Our feature photo this month is of two Black-tailed deer fawns which were born out back earlier this year, and have made themselves comfortable here on the farm. I had to take the photo out the east window in order to catch them lounging. Their mama Jane Doe (see our September 2014 posting) unfortunately taught them to eat the roses and unprotected plants up by the house. I put up netting, to which the deer mounted a counterinsurgency against the rebel farmers, ripping the netting and attacking peppers, tomatoes and eggplants. So much for keeping a few plants near the house within easy reach! I was then reminded of why we switched from the easy-to-install 7ft high net fencing, to the much more expensive 8ft metal fencing that is not so easy to install, for the main garden/pinot vineyard.
News from the farm:
Old Jack Frost has not arrived, just yet, on our little farm in the Cascade foothills. We have had a little rain now, not enough to green field and hillside, but welcome all the same. Wandering clouds that come through at this time of year have put on weight, like bears that have fattened up at stream and river on salmon for the winter. The fluffy, white fair-weather cumulus and cirrus mares’ tails we saw all summer have been replaced by dark, blue-grey muscle-bound behemoths that sometimes drop rain in patches, or melt across the sky and drizzle for a day or two. The steady, heavy rains will come later, and the hard-packed clay soil will soften enough to dig again.
I normally look forward to our yearly visit from golden-haired Summer, and her gracious bounty of fruits and vegetables. She scorched us this past season, however, bringing record heat and drought, priming conditions for intense fires. She seems to have softened her view lately, sending us mornings that have not dropped below 40, and daytime temperatures mostly in the 70s or low 80s. The sun is at an angle from the south these days, and the warmth feels good, appreciated my plant and animal alike. Old Jack is waiting though, and if I am not quick enough installing our low-tech season-extending technology in the garden (plastic sheeting over PVC pipe hoops), I will awake some morning to find the garden frozen in a silvery death-mask, which will wilt and darken in the heat of day. At roughly 800 feet in the Cascade foothills, we are also in a bowl, and we are subject to ponding of cold air. I beg Summer to stay with us, for just a little while longer. Fortunately, grapes and apples are capable of withstanding a light frost, and I am grateful for as much hang-time on vine and tree as possible. They are our last real crops of the season, and we are fortunate enough to have a steady customer for table grapes this year.

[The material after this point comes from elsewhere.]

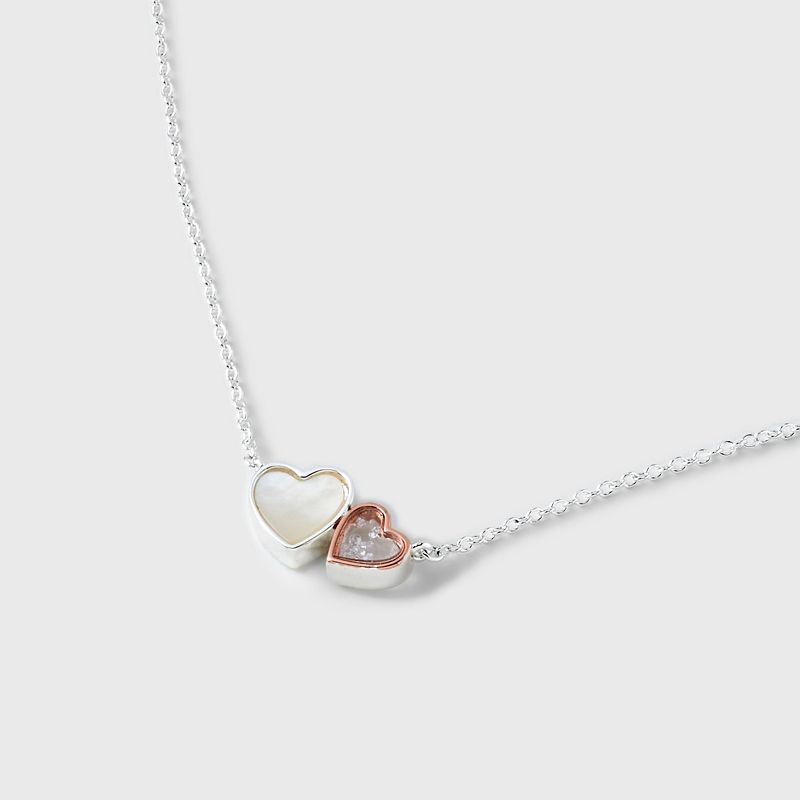 Silver Plated Two Tone Mother of Pearl and Cubic Zirconia Double Heart Shaker Necklace - Silver/Rose Gold, 4 of 5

Our pinot vineyard, which was not under bird netting, did not fare as well as our table grapes, which were protected. We lost much of the crop to birds and bees within what seemed like just a few days. I threw netting up over a few remaining sections of intact grapes in Rick’s vineyard in addition to my own two “test” rows, and will press these soon. I had been hoping for a little more hang-time, and I am not sure I will get it. This year will be a low-tech, low-budget experiment, a “getting the feet wet”, in winemaking. I am not expecting miracles….
On the feline front, our cats continue to grow older along with us. Furry friends and teachers, little elvish creatures, they are all part of the legends and stories of this place we call home. See the Cats of Salmon Brook Farm page for the whole cast of characters.
Music news (schedule posted on the Performance Schedule page):
My taking a break from performing this fall turned out to be somewhat fortuitous. The vitreous detachment I experienced in August progressed into a torn retina in September, and I underwent laser surgery a couple of weeks ago. It’s hard not to lift, or carry much weight while this eye heals, living on a place like this, and I’ve had to learn to work smarter, not harder. Some projects involving digging or pouring cement will have to postponed. Since Rick retired from music, I am a one-woman show these days, traveling with two 12-strings, a 6-string, and a full sound system, which is old, meaning heavy. I hope to be back in the saddle with old Seabisquit by mid-winter. In the meantime, I’m working on getting the recording studio moved over to Linux, working some new recordings, and I may just stick them up on the net for all to enjoy. The sub-pages under music are always a work in progress. The full listing of songs on the old CD, the stories behind why some were written, or chosen to cover, are now there. Help yourself!
In your area, wherever you may be, please do all you can to help keep your own local music alive. Go out and see someone you don’t know, host a house concert, download songs or buy CDs. Or even just stop for a minute to hear someone at a Farmers’ Market. Live, local musicians provide a wealth of talent most people will never hear about in this age of iPods, Internet and TV.